Lindsey Walker was contacted by a stranger on Instagram on Dec. 28 and commissioned to write a song for $200.
"They said they love my music and they wanted me to write a song for their son for his third birthday that was coming up in a week's time," the folk and roots musician told CBC News.
"I was pretty excited about that. I thought it was like such a really beautiful idea. There were no red flags at first."
But Walker soon learned from friends that she was being scammed and that fellow Albertan musicians had already fallen for it.
The scam works like this: the con artist appears to send the money by e-transfer, but it's much more than the agreed upon amount.
The victim is then asked to send back the difference before they realize the original payment never went through, potentially putting them out thousands of dollars.
"I think it's really troubling that someone would want to take advantage of a group of people during a pandemic that are already just trying so hard to just get by financially," Walker said.
Police quite familiar with scam
Edmonton police said the type of fraud, known as an overpayment scam, isn't new to them.
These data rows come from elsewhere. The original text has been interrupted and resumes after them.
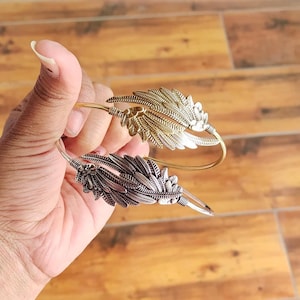 May include: Two silver and gold leaf-shaped bangles. The bangles are open and have a delicate design.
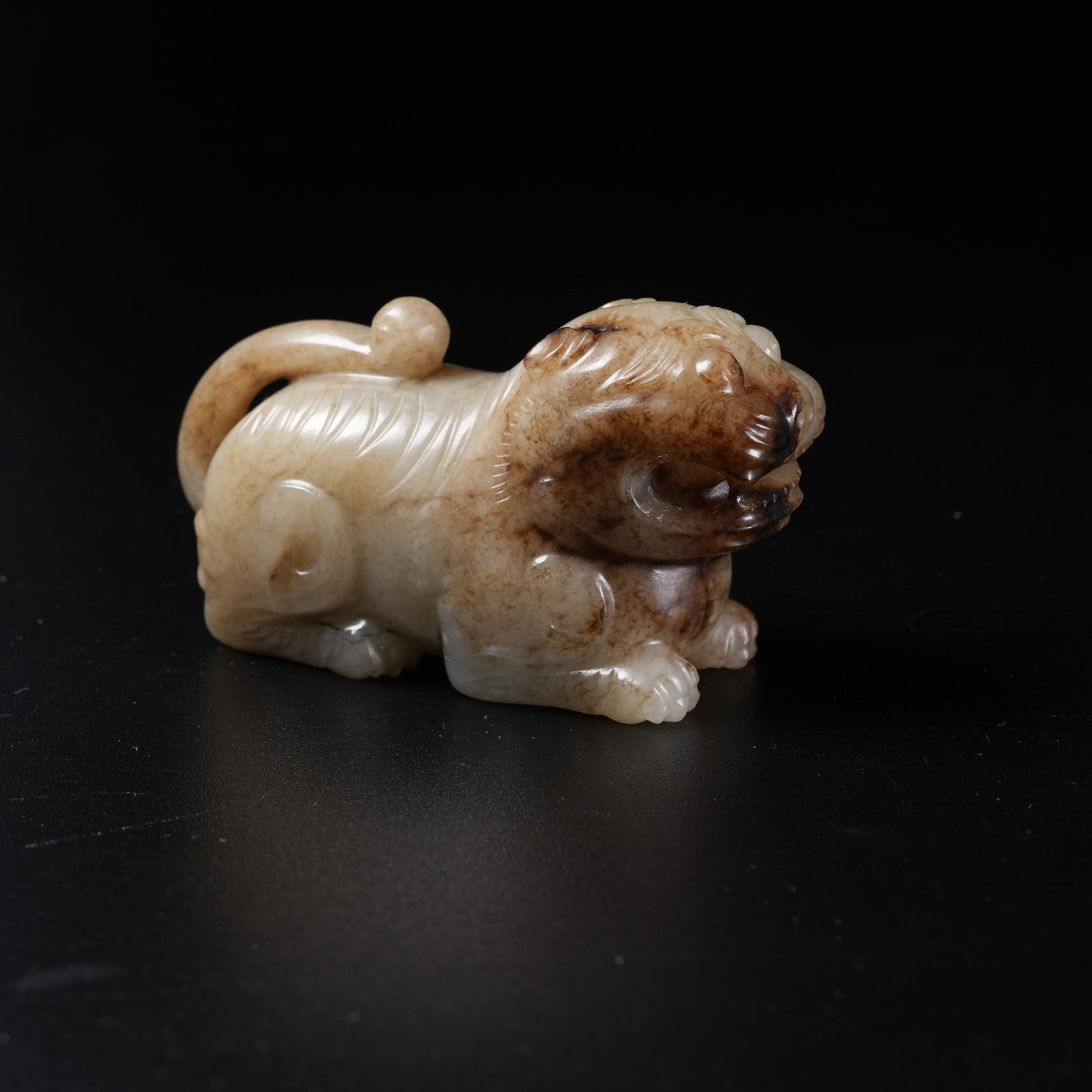 A HETIAN JADE AUSPICIOUS BEAST ORNAMENT: Hetian Jade Auspicious Beast Ornament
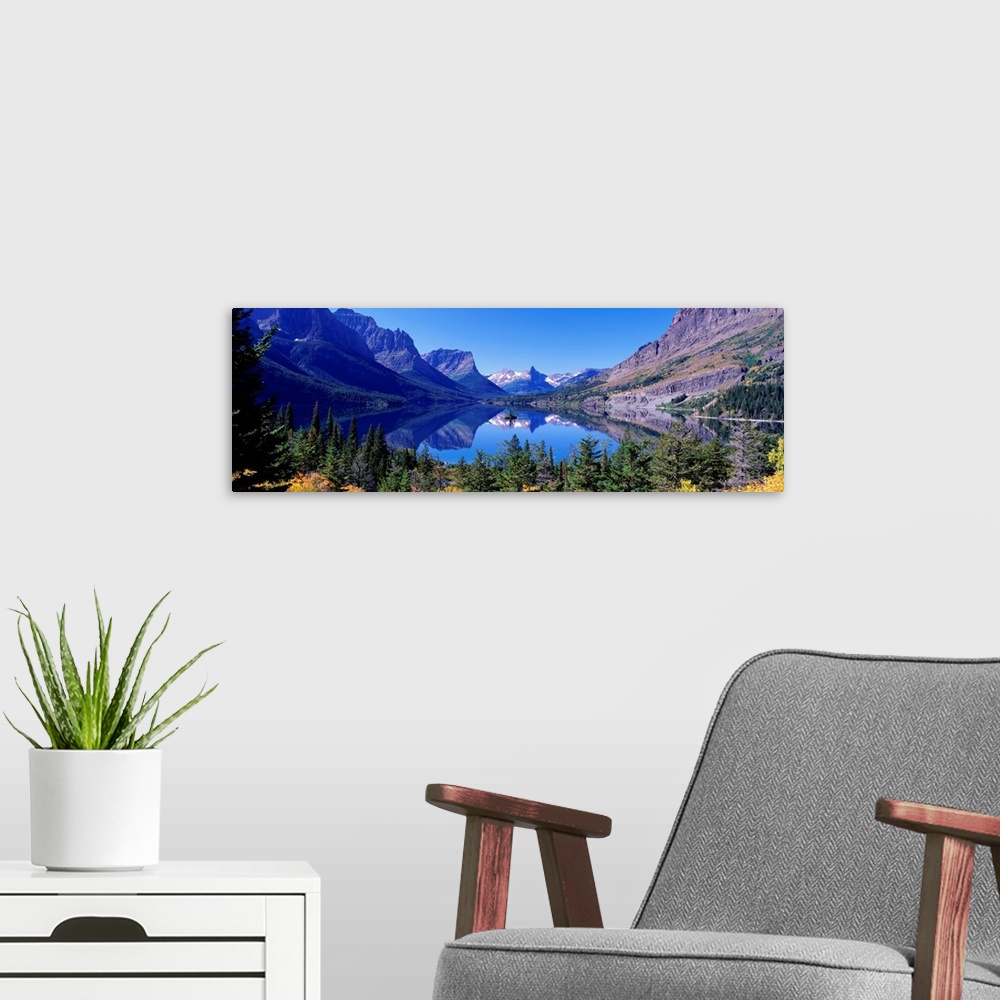 A modern room featuring A photographic print of rugged mountains with snow in the distance reflected in a crystal clear l...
"The EPS advises all sellers or service providers to be wary of any buyer that sends a transfer, money order or cheque for more than the cost of an item they are selling or a service they are providing," police spokesperson Carolin Maran said in an email.
"If they do believe the transaction is legitimate and the overpayment was made in error, always check with financial institutions to make sure the payment has cleared before sending back any funds," she said.
"Also, if the buyer asks for return payment by cash, cheque, money order or commercial wire service transfer, caution is advised. All of these payment methods are harder for law enforcement to detect."
This week, Walker messaged the fraudster to have some fun of her own. She said the song was ready and suggested they meet at the bank so she could be paid.
"I can't wait for you to listen to it!" she wrote. "A lot of my friends really love the song too and think this could be the breakthrough song I've been needing to turn my life around."